Node Details
- Name: folderFiles
- Type: Document
- Category: Document Loaders
- Version: 3.0
Parameters
-
Folder Path
- Type: string
- Description: The path to the folder containing the files to be processed.
-
Recursive
- Type: boolean
- Description: If set to true, the loader will search for files in subdirectories as well.
-
Text Splitter
- Type: TextSplitter
- Optional: Yes
- Description: A text splitter to be applied to the loaded documents.
-
Pdf Usage
- Type: options
- Options:
- One document per page
- One document per file
- Default: One document per page
- Description: Determines how PDF files are processed.
-
JSONL Pointer Extraction
- Type: string
- Optional: Yes
- Description: Specifies the pointer for extracting data from JSONL files.
-
Additional Metadata
- Type: json
- Optional: Yes
- Description: Additional metadata to be added to the extracted documents.
-
Omit Metadata Keys
- Type: string
- Optional: Yes
- Description: Comma-separated list of metadata keys to be omitted from the extracted documents. Use * to omit all metadata keys except those specified in Additional Metadata.
Supported File Formats
- JSON (.json)
- JSONL (.jsonl)
- Text (.txt)
- CSV (.csv, .xls, .xlsx)
- Word Documents (.doc, .docx)
- PDF (.pdf)
- ASP (.aspx, .asp)
- C++ (.cpp, .h)
- C (.c)
- C# (.cs)
- CSS (.css)
- Go (.go)
- Kotlin (.kt)
- Java (.java)
- JavaScript (.js)
- Less (.less)
- TypeScript (.ts)
- PHP (.php)
- Protocol Buffers (.proto)
- Python (.python, .py)
- reStructuredText (.rst)
- Ruby (.ruby, .rb)
- Rust (.rs)
- Scala (.scala, .sc)
- Sass (.scss)
- Solidity (.sol)
- SQL (.sql)
- Swift (.swift)
- Markdown (.markdown, .md)
- LaTeX (.tex, .ltx)
- HTML (.html)
- Visual Basic (.vb)
- XML (.xml)
Input
- Folder path and configuration options as specified in the parameters.
Output
- An array of document objects, each containing the content of a file and its associated metadata.
Functionality
- The node creates a DirectoryLoader with specific loaders for each supported file type.
- It loads documents from the specified folder, optionally searching recursively.
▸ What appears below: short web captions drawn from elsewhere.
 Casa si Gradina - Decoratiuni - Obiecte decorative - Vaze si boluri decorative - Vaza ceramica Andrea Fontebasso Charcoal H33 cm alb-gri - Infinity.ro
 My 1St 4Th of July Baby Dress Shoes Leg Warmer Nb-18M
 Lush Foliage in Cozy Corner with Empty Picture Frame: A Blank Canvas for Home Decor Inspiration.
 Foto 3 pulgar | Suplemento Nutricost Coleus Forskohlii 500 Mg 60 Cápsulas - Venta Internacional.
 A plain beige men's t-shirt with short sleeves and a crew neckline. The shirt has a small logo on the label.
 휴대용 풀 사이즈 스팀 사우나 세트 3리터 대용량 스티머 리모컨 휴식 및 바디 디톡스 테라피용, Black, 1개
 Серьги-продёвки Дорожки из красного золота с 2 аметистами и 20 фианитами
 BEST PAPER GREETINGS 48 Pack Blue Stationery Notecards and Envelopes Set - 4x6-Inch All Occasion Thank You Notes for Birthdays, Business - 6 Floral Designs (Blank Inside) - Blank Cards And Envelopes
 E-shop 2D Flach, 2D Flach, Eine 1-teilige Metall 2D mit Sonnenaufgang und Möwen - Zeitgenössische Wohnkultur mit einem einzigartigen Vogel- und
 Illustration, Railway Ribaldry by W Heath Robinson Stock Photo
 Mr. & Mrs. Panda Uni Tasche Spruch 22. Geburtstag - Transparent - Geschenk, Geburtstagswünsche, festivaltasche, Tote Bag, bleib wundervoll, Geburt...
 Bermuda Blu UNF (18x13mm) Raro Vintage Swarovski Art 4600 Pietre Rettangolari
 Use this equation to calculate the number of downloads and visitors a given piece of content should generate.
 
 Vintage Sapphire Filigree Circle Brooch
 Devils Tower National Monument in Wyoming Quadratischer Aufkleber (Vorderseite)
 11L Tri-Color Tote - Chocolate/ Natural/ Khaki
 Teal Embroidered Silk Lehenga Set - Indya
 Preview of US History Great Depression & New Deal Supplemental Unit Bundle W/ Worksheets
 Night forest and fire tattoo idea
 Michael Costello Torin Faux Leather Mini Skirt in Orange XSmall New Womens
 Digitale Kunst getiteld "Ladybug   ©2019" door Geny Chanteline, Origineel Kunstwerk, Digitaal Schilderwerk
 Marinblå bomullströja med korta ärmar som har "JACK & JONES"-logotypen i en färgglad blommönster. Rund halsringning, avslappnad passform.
- If a text splitter is provided, it splits the loaded documents.
- Additional metadata is added to each document if specified.
- Metadata keys are omitted based on the “Omit Metadata Keys” parameter.
Use Cases
- Bulk loading of documents from a file system for processing or analysis.
- Preparing diverse document sets for ingestion into language models or other NLP tasks.
- Extracting and organizing content from multiple file types in a structured manner.